Thursday, August 7, 2014

My name is Bình Minh –

8/7/14

Auntie Binh Minh to be exact.  Auntie because well, I am not young and Aunt is a sign of respect, or so I was told.  John is - Uncle John. 

Trying to eat in HaiPhong has been our biggest struggle.  Because we haven’t yet learned the language we aren’t sure what to order at restaurants.  We tried two restaurants that were listed on travel websites.  The first one Com Vietnam. It popped up on the map of Hai Phong as a very good place to eat with traditional Vietnamese food.  It was close to our destinations for the day – the Hai Phong Post Office and Queen of the Rosary Cathedral.  We picked the hottest day we could for this adventure and were quickly thankful for the taxi we found not too far from our home.

We were dropped off near the post office but our taxi driver wasn't sure of our destination and pointed us in the wrong direction.  We walked north about 8 blocks asking several people for directions.  We were finally turned around and ended up back where we started from. The post office was one building south of where we were dropped off.  By this time we were dripping with sweat and the unairconditioned post office was only slightly better than the heat outdoors due to the many circulating fans in the lobby.  Although a wonderful old building it doesn't compare to the post office in Saigon. Probably not a great stop when visiting Hai Phong unless you are really into post offices. We were able to send off a letter to John’s mom without too much trouble and headed back out into the heat to find the cathedral.  The cathedral was about 4 blocks away and was filled with several hundred school children at mass for the day.  We were able to peek inside without distributing them too much – although many had spotted us and were pointing and waving despite their teachers disapproving looks.  There was another building next to the cathedral which we were told was housing for the nurses that stayed there.  It was also very beautiful and old – but not open to tourists.
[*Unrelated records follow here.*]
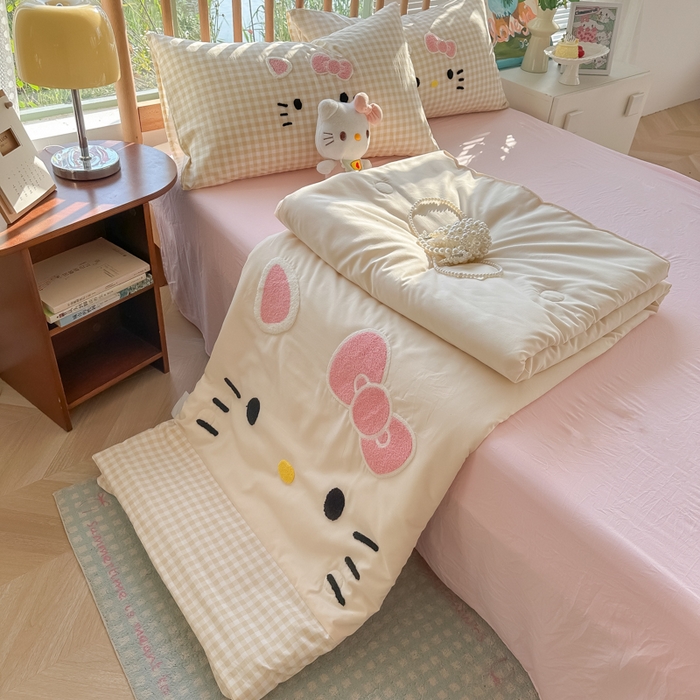 91家纺网 家纺一手货源 找家纺 （总）子钦2025云朵棉爆款拼角毛巾绣夏被场景二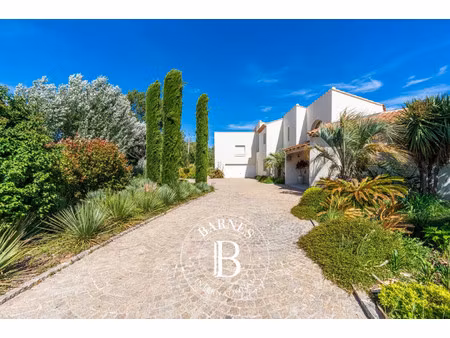 maison de luxe à vendre dans le quartier plateau de puyricard-la trévaresse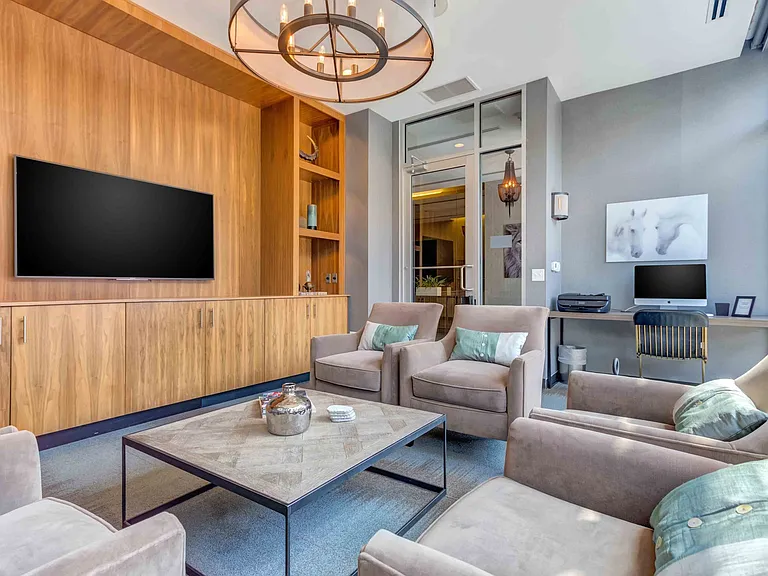 Luxe on Chicago — Photo 25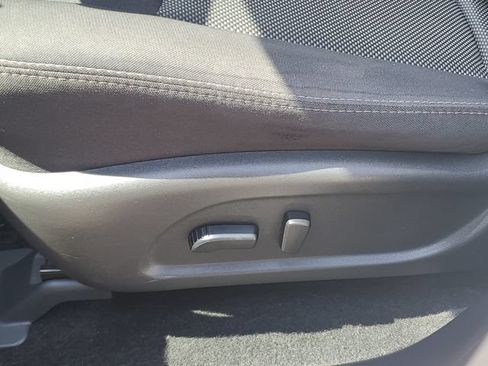 Used 2019 Nissan Pathfinder SV FWD image 24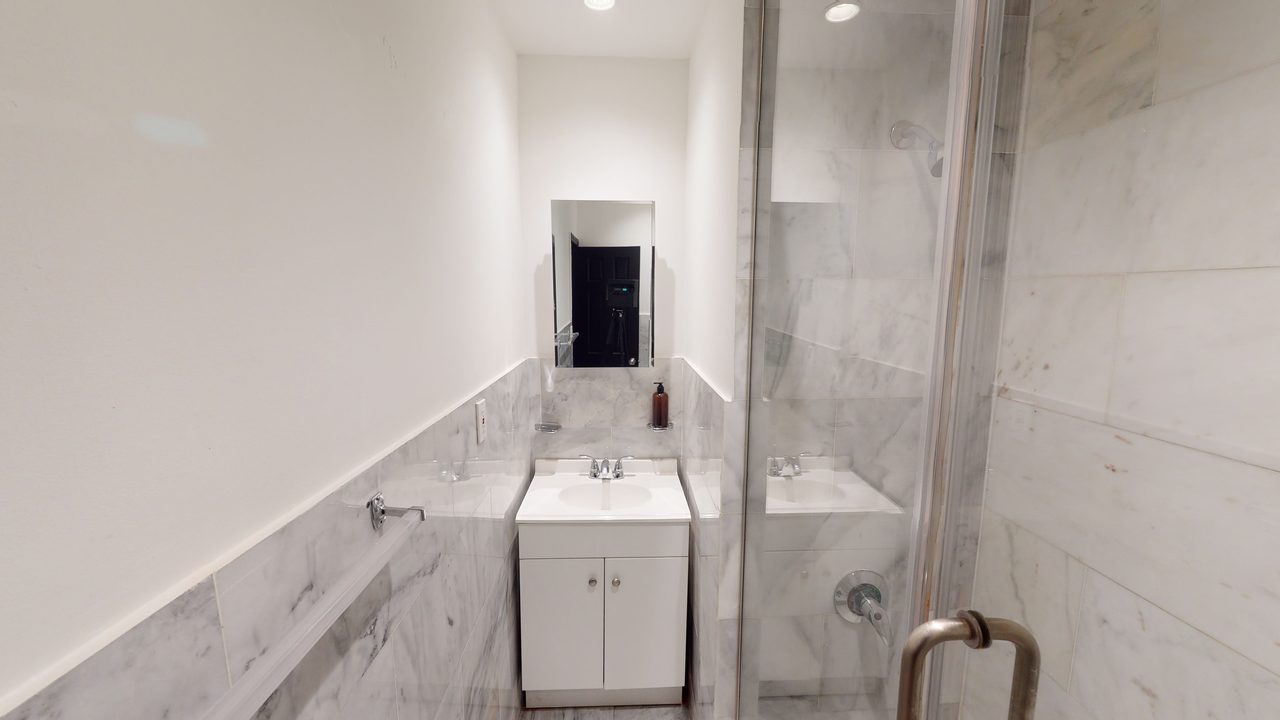  #717: East Village - 1 Bedroom (Queen)  -  #717: East Village  - Gallery -  9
From there we walked to Com Vietnam which was back by the post office.  We were asked to pick from the display case (no menu – thank heavens) and went inside our private room (with many fans, thank heavens once again) to wait.  We ordered shrimp, pork, morning glory and rice.  They don’t peel the small shrimp, but take little bites as they eat the soft shell and all – including the little feet.  I tried to eat it whole but couldn't quite get it down.  John peeled his but it was difficult and even he gave up after a few tries.  The pork was pretty good and the morning glory was wonderful as usual.  Our meal here was under 100,000 VND (about $5).


Our day ended with the return taxi driver taking the long, long, long, way home.  What cost us 30,000 dong to get to ended up costing 100,000 to return home and no A/C in the cab. The shower felt soooo good. 

Last night we went tried to find another restaurant that was rated highly on TripAdvisor.  Quan Ngon sounded like the perfect place to eat.  The menu had English entries, great food, friendly service and they even offered wine – which isn’t common. Where they placed it on the map was not where the address was, but just to be sure we went to the map location first.  Nothing.  So we jumped in a taxi and went to the address.  Much to our dismay the restaurant was gone.  It appeared to have burned down. It must have been recently as the last review was in January.

We ended up at ZoZo’s.  A place we had walked by many times but hadn't stopped in at yet.  This was an outdoor restaurant on the street.  It was bigger than most of the street restaurants and always had a crowd. The wait staff spoke very little English and we had a good time trying to figure out what they were saying and the other way around as they tried to understand us.  We ended up with our first Vietnamese grill, or các món nướng.  We have seen this many times and it always smelled so good when walking around town. They brought the grill right to the table, along with marinated beef, sliced vegies, pickled vegies, sliced (the long way) cucumbers, another meet wrapped around vegies and tied as well as my favorite, morning glory, and of course we had beer over ice.  They patiently taught us how to grill our meats and vegies and which sauces to dip it in.  This was our best dinner in Hai Phong so far.  This meal was 255,000 VND or $12 US.  John ended up giving them at 100,000 VND tip for all their help – they tried to give it back saying it was too much – but we insisted since they had to work so hard to help us.